▶ [Description of the task] When you write out the listing, keep every character and omit the pictures.

*** Block opens ***

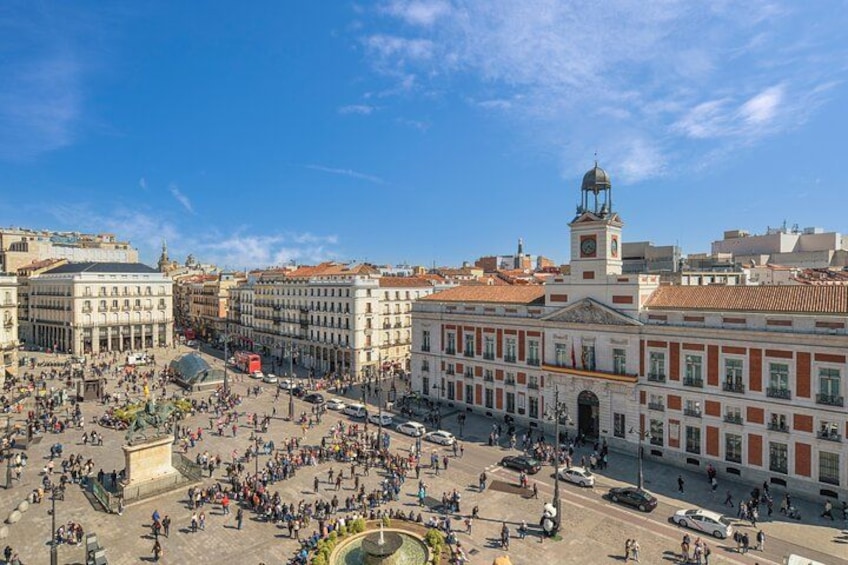 A bustling square with historic buildings, a prominent clock tower, and a fountain. 5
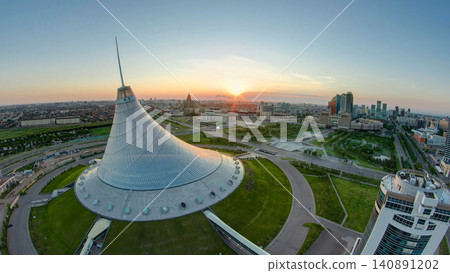 Elevated view with sunrise over the city center with Khan Shatyr and central business district timelapse, Kazakhstan, Astana Elevated view with sunrise over the city center with Khan Shatyr and central business district timelapse, Kazakhstan, Astana 140891202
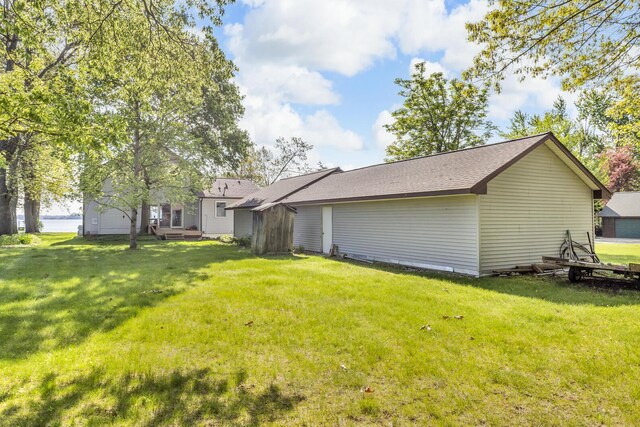 150 Hyde Rd, Clarklake, MI 49234 - back of property featuring a yard and roof with shingles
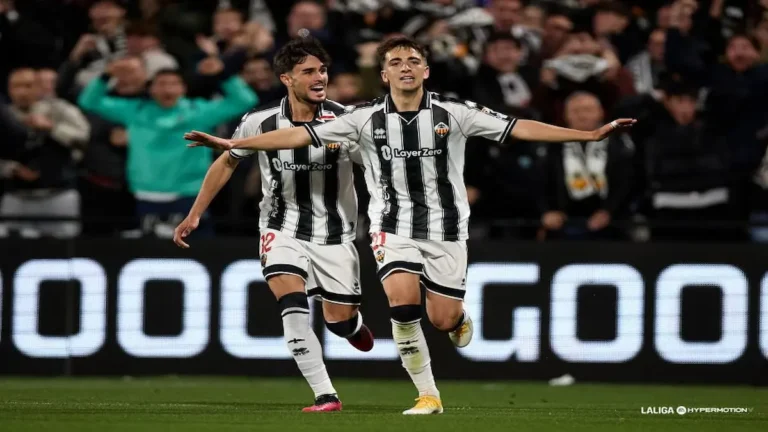 Dos jugadores del CD Castellón con la equipación albinegra a rayas verticales celebran un gol con los brazos extendidos y gestos de alegría sobre el césped del SkyFi Castalia.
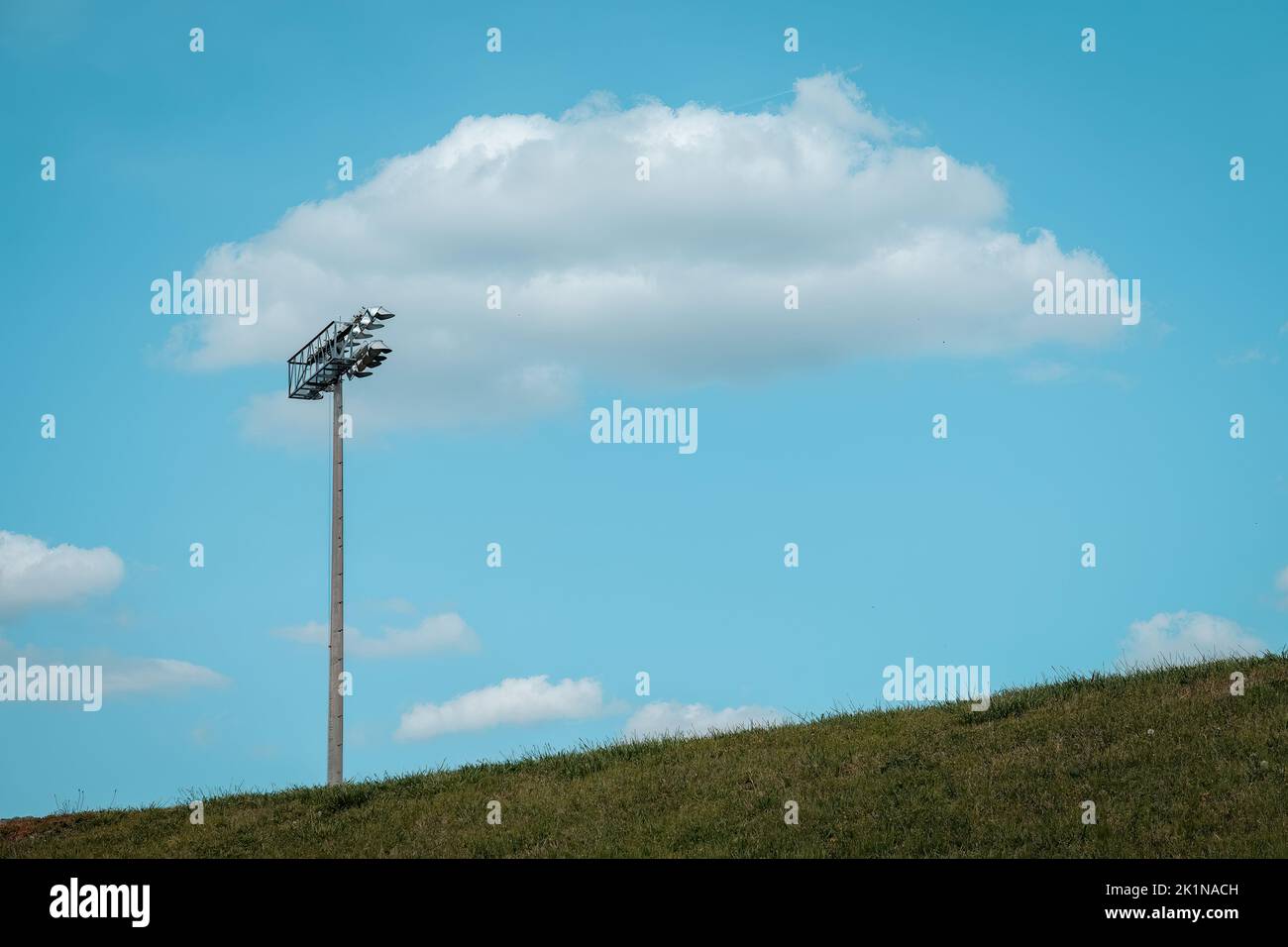 Singola arena verde chiaro collina e soffici nuvole bianche. Foto Stock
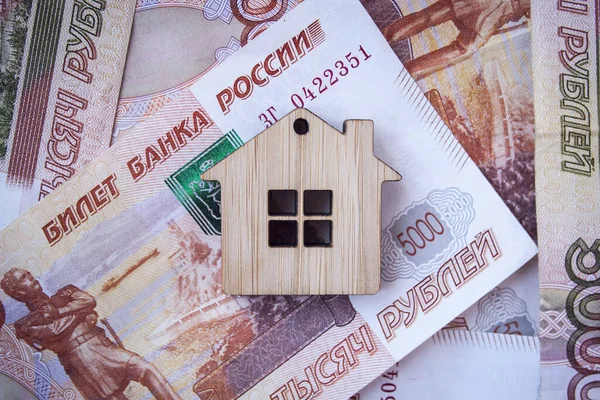 İpotek, sigorta, satın alma ve kira, emlak işi konsepti. Para üzerinde küçük ahşap ev oyuncağı. Arka planda rublem banknotlar.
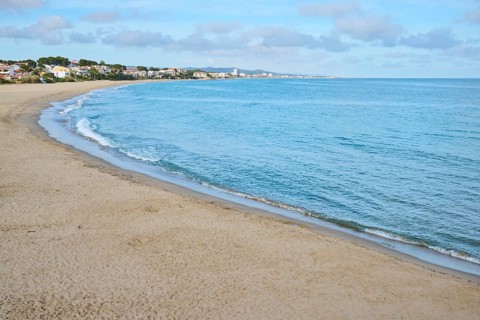 Breaking waves on a sandy beach, sunny, near Tarragona, Catalonia, Spain, Europe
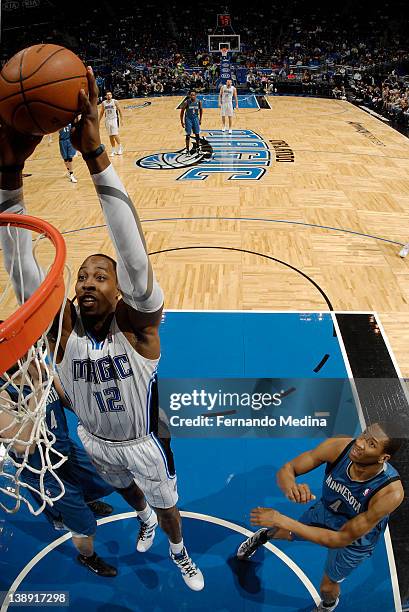 Dwight Howard of the Orlando Magic goes to the basket against Nikola Pekovic of the Minnesota Timberwolves as Wesley Johnson looks on during the game...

*** Block closes ***

▶ [Solution to the exercise]
 A bustling square with historic buildings, a prominent clock tower, and a fountain. 5
 Elevated view with sunrise over the city center with Khan Shatyr and central business district timelapse, Kazakhstan, Astana Elevated view with sunrise over the city center with Khan Shatyr and central business district timelapse, Kazakhstan, Astana 140891202
 150 Hyde Rd, Clarklake, MI 49234 - back of property featuring a yard and roof with shingles
 Dos jugadores del CD Castellón con la equipación albinegra a rayas verticales celebran un gol con los brazos extendidos y gestos de alegría sobre el césped del SkyFi Castalia.
 Singola arena verde chiaro collina e soffici nuvole bianche. Foto Stock
 İpotek, sigorta, satın alma ve kira, emlak işi konsepti. Para üzerinde küçük ahşap ev oyuncağı. Arka planda rublem banknotlar.
 Breaking waves on a sandy beach, sunny, near Tarragona, Catalonia, Spain, Europe
 Dwight Howard of the Orlando Magic goes to the basket against Nikola Pekovic of the Minnesota Timberwolves as Wesley Johnson looks on during the game...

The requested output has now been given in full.